Las virtudes y la ley

En estos momentos de debate sobre una hipotética reforma de la Constitución no hay que olvidar que, aunque las normas tienen efectos muy relevantes sobre la ciudadanía, son más importantes las costumbres sociales que nos vinculan a través de ellas.

El 40º aniversario de la Constitución de 1978 ha traído a la actualidad el debate sobre su posible reforma.
El 40º aniversario de la Constitución de 1978 ha traído a la actualidad el debate sobre su posible reforma.
F.P.

La celebración, estos días, del 40º aniversario de la Constitución de 1978 ha avivado el debate sobre la necesidad de su reforma, en el que últimamente vivimos instalados. Podría parecer que dicho debate ya no es un asunto exclusivo de la clase política -acostumbrada, como es normal, a aprovechar cualquier conmemoración para arrimar el ascua a su sardina- sino que incluso se habría extendido a la ciudadanía, convertido en tema de discusión de las conversaciones de bar y sobremesa. Pero, en realidad, en nuestro mundo feliz de redes sociales y política de declaraciones el poder -o ‘la agenda’, como se dice- también consiste en eso: en conseguir que todos hablemos de lo mismo y de la misma manera, sea a favor o en contra.
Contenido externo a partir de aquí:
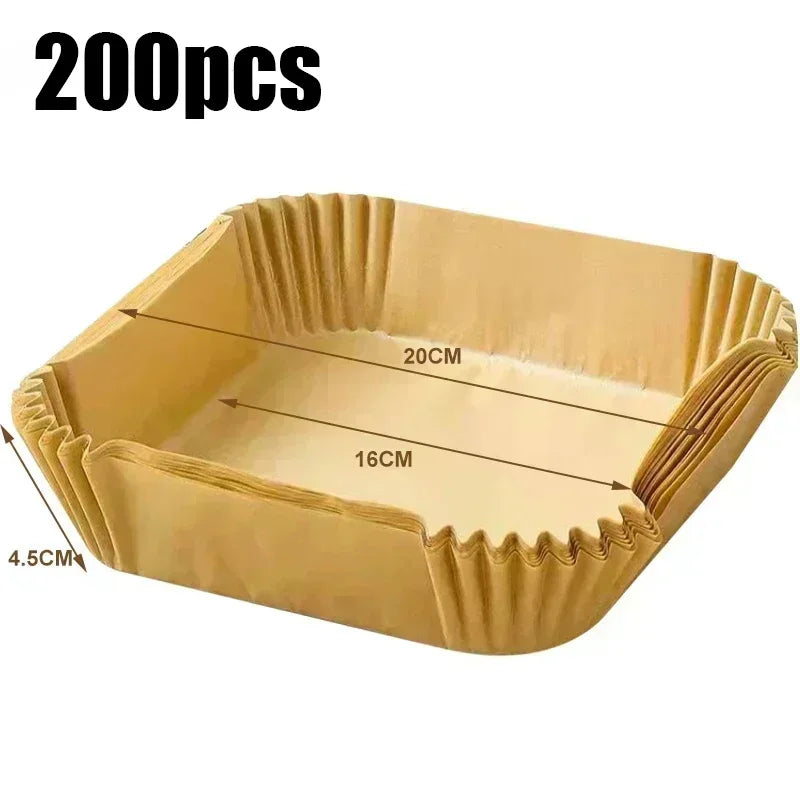 50pcs/set Air Fryer Disposable Paper Parchment Wood Pulp Steamer Cheesecake Air Fryer Accessories Baking Paper For Air Fryer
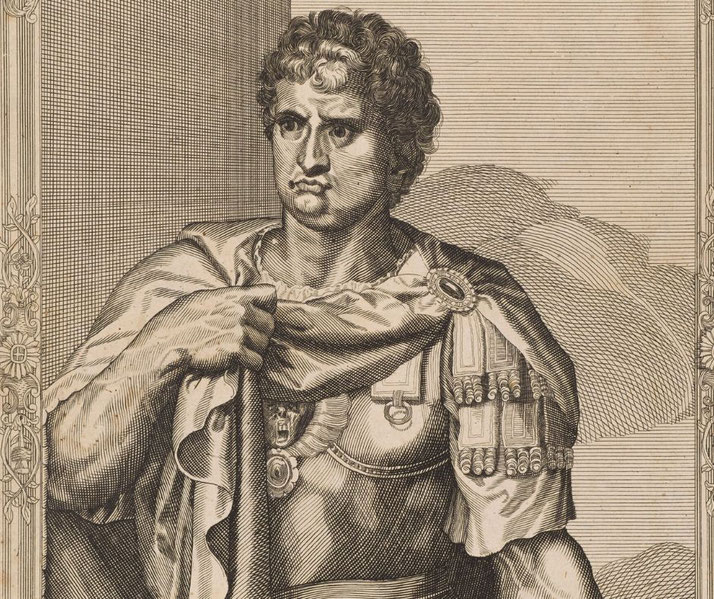 Etching of a stern-faced Roman figure in detailed armor and cloak, gripping the fabric with one hand against a patterned background.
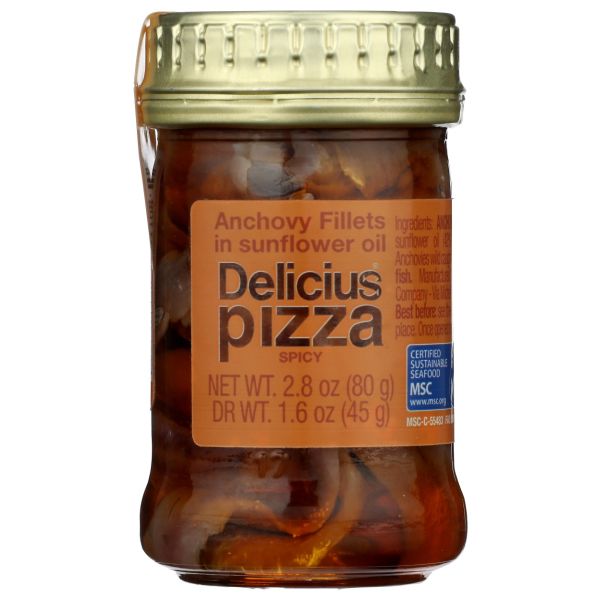 DELICIUS: Anchovy Fillets Pizza in Spicy Sunflower Oil, 2.8 oz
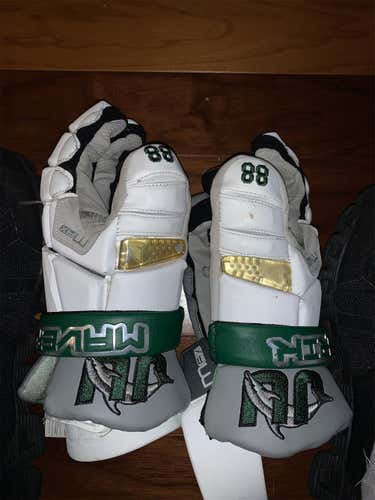 Custom College Jacksonville University JU Game Used White Player's Maverik Max 13" Lacrosse Gloves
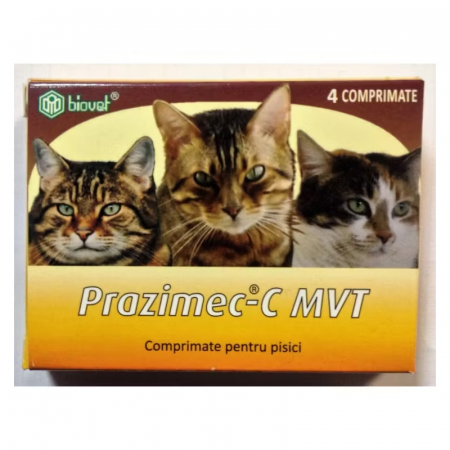 Farmacie - Antiparazitar intern pentru pisici Prazimec C 4 comprimate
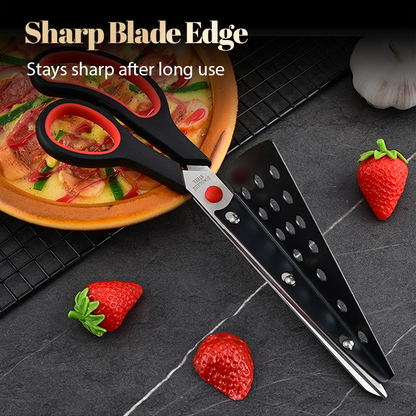 2-in-1 abnehmbarer Scheren-Pizzaschneider aus Edelstahl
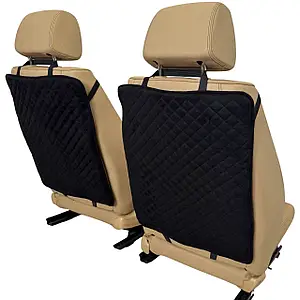 Накидки чохли на спинки передніх сидінь з алькантари (Еко-замш) Захист на спинкі сидінь Чорні 2 шт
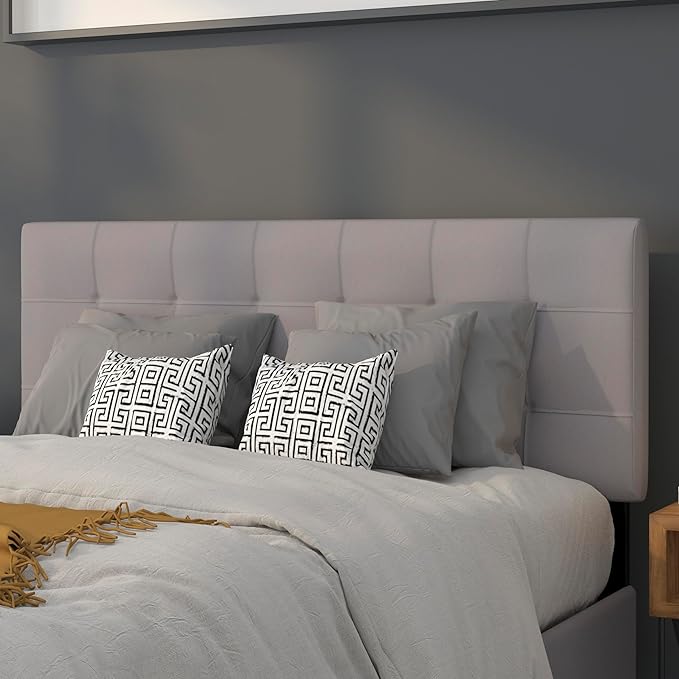 EMMA + OLIVER Quilted Tufted Full Size Headboard in Light Gray Fabric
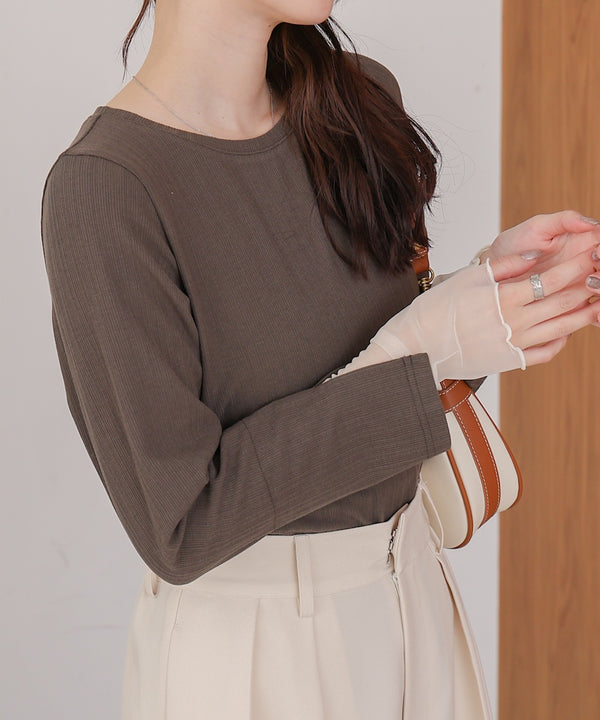 袖スリットチュールカットトップス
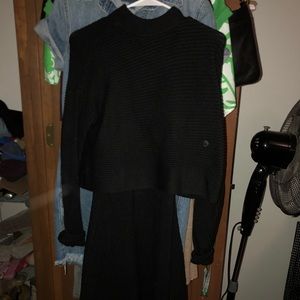 Black Ribbed American Eagle Tiered Sweater Dress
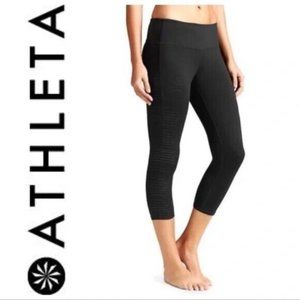 Athleta Chaturanga Leggings Size Xs Womens Black Crop Capri Stretch 921625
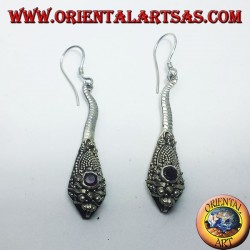 Boucles d'oreilles argent cobra main avec grenat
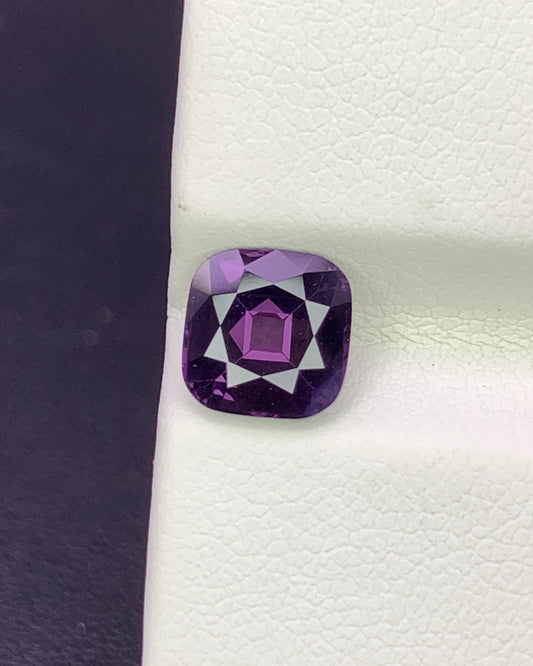 Natural Purple Spinel 2.12 Carat 7.5x7.4 MM Cushion Shape Faceted Gemstone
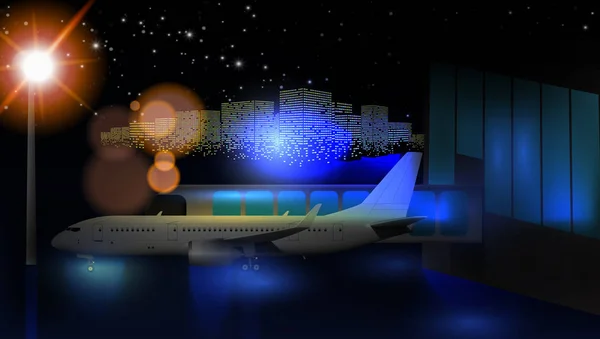 A repülőtéri utasterminál éjszakai kilátása — Stock Vector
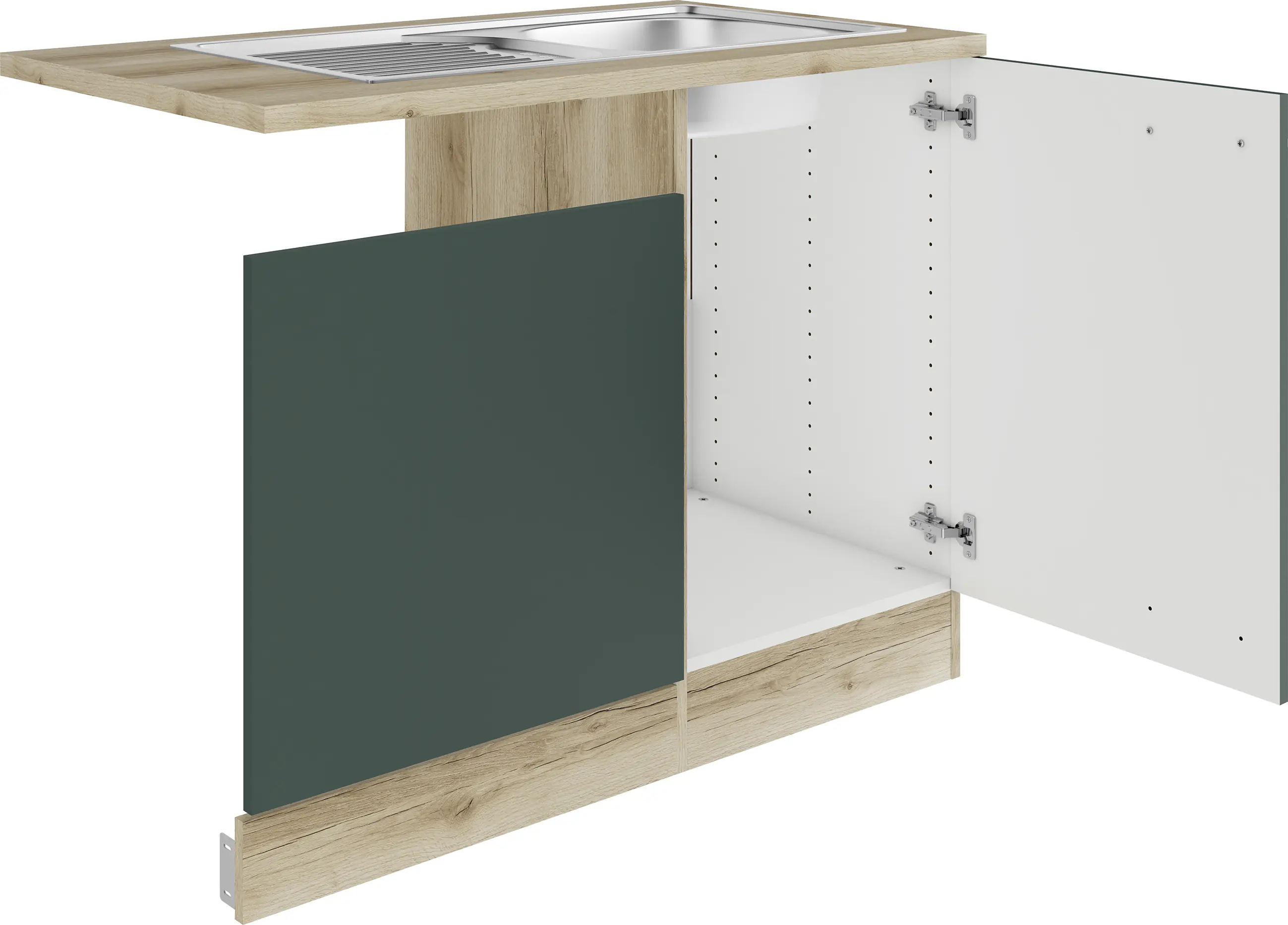 Optifit Spüle mit Unterschrank-Set Savona 405 steingrün/eiche 110 cm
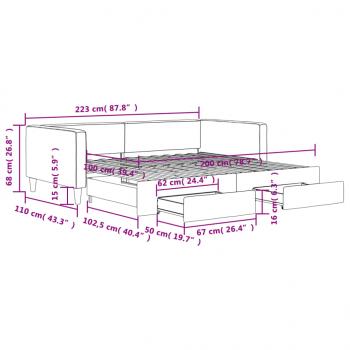 Tagesbett Ausziehbar mit Schubladen Creme 100x200 cm Stoff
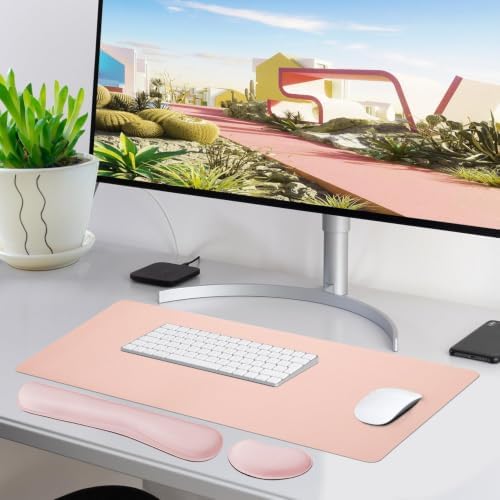 Bloss Pink Desk Mat and Keyboard Wrist Rest, Non-Slip Large Mouse Pad + Keyboard Pad + Mouse Wrist Support, Computer Mat Protector for Office, Home(27.6" x 13.8")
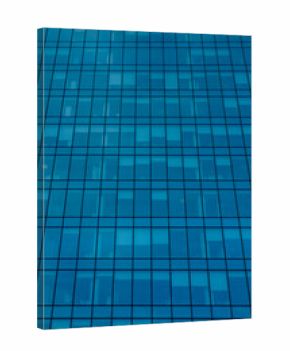 Modern glass office building. Blue glass skyscraper. Urban business tower facade. City architecture background. Corporate office building. Urban architecture texture.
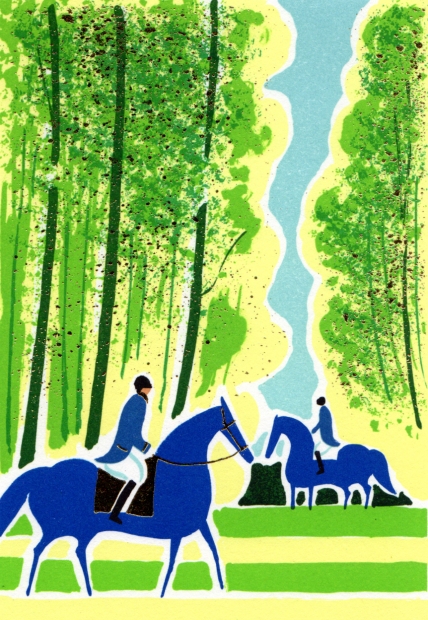馬の絵画をリトグラフの版画で制作したセルジュ・ラシスの馬の絵「乗馬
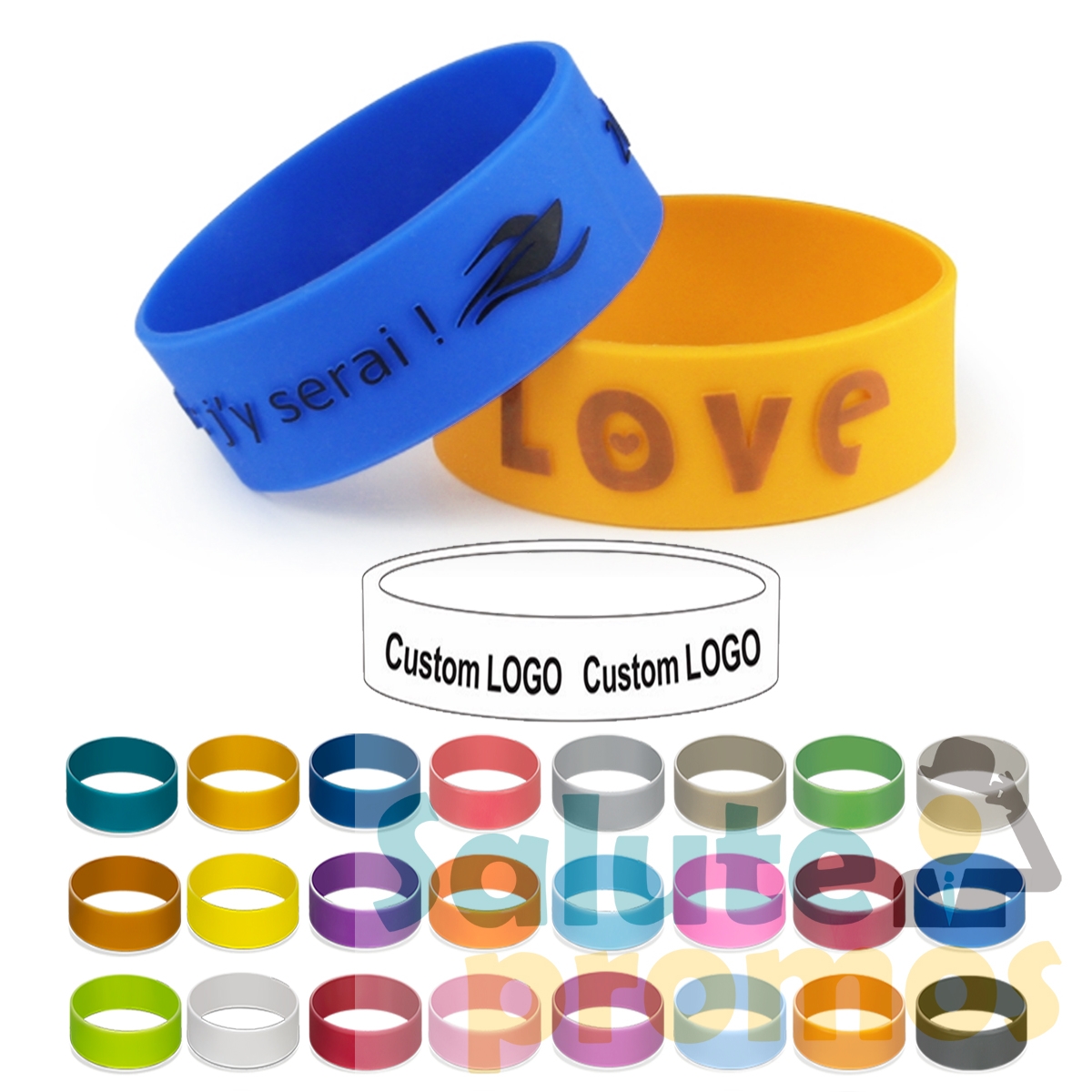 Custom Embossed 1 Inch silicone bracelet for adult with color ink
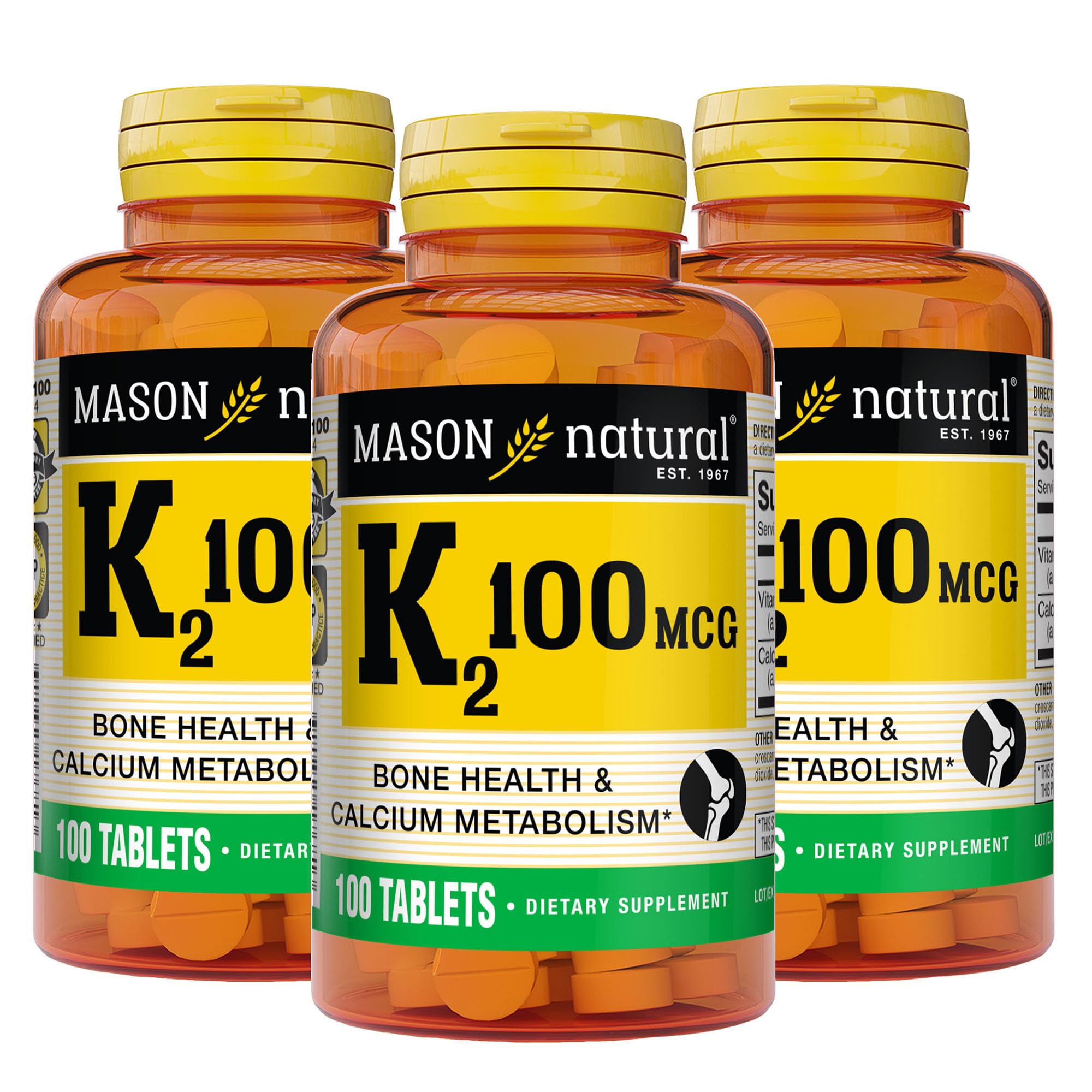 MASON NATURAL Vitamin K2 100 mcg with Calcium, 300 Day Supply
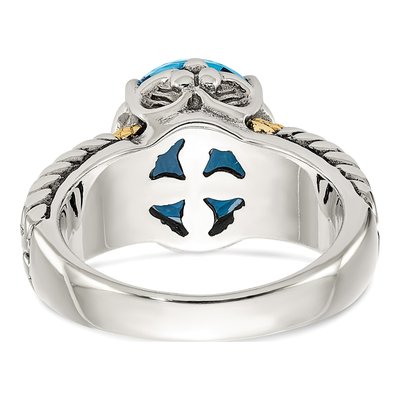 Sterling Silver & 14K Gold Swiss Blue Topaz Ring – view 7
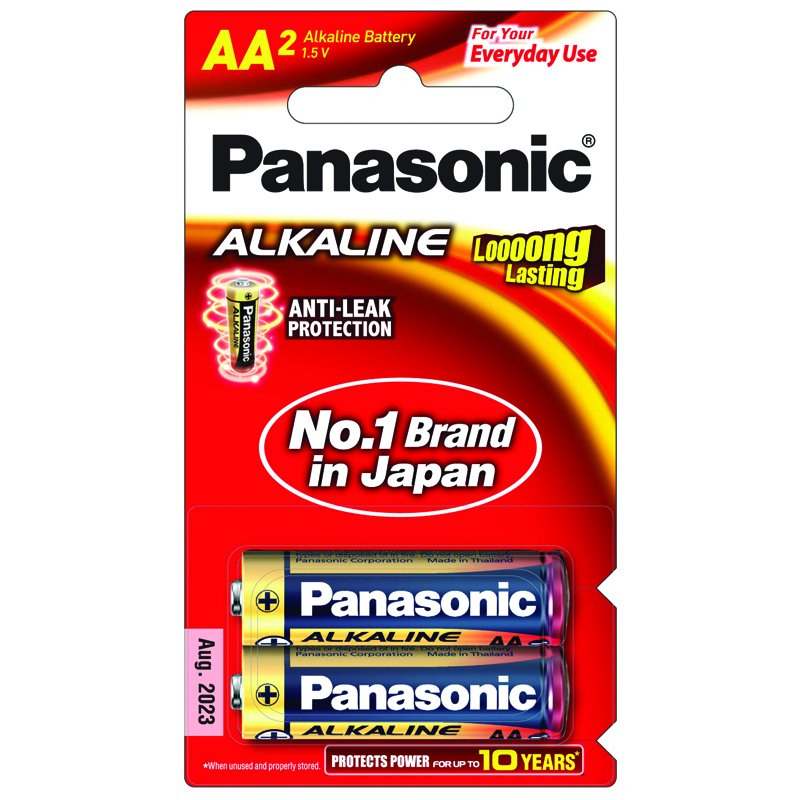 ถ่านอัลคาลาย Panasonic 2A 1.5V (แพ็ค2ก้อน)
Como además el cambio se ha convertido en un criterio básico de legitimidad, casi hasta da igual cuál sea el sentido de las propuestas. Lo importante es cambiar, qué más da hacia dónde. O mejor todavía: hablar de ello, que parezca que avanzamos. De ahí que, a menudo, se insista en la necesidad de modificar las leyes sin tener que precisar cuál debe ser esa renovación, o haciendo referencia a mediterráneos que ya fueron descubiertos hace tiempo.

Lejos de mi intención ignorar la importancia de ese debate y, por supuesto, negar que la Constitución pueda o deba ser modificada en algún aspecto. Pero tiendo a pensar que, en alguna medida, quienes más radicalmente critican la rigidez o la obsolescencia de la norma son quienes más la idolatran, como si realmente el problema político de nuestro país fuera el texto constitucional y no más bien el uso o abuso que hacemos del mismo; y como si tales reformas fueran realmente la solución definitiva a nuestros problemas. Del mismo modo que, a menudo, los más papistas son los antipapistas, los más legalistas también suelen ser los antilegalistas. Para existir, los leguleyos necesitan de la ley que manipulan y desprecian incluso hasta ocultar su nombre.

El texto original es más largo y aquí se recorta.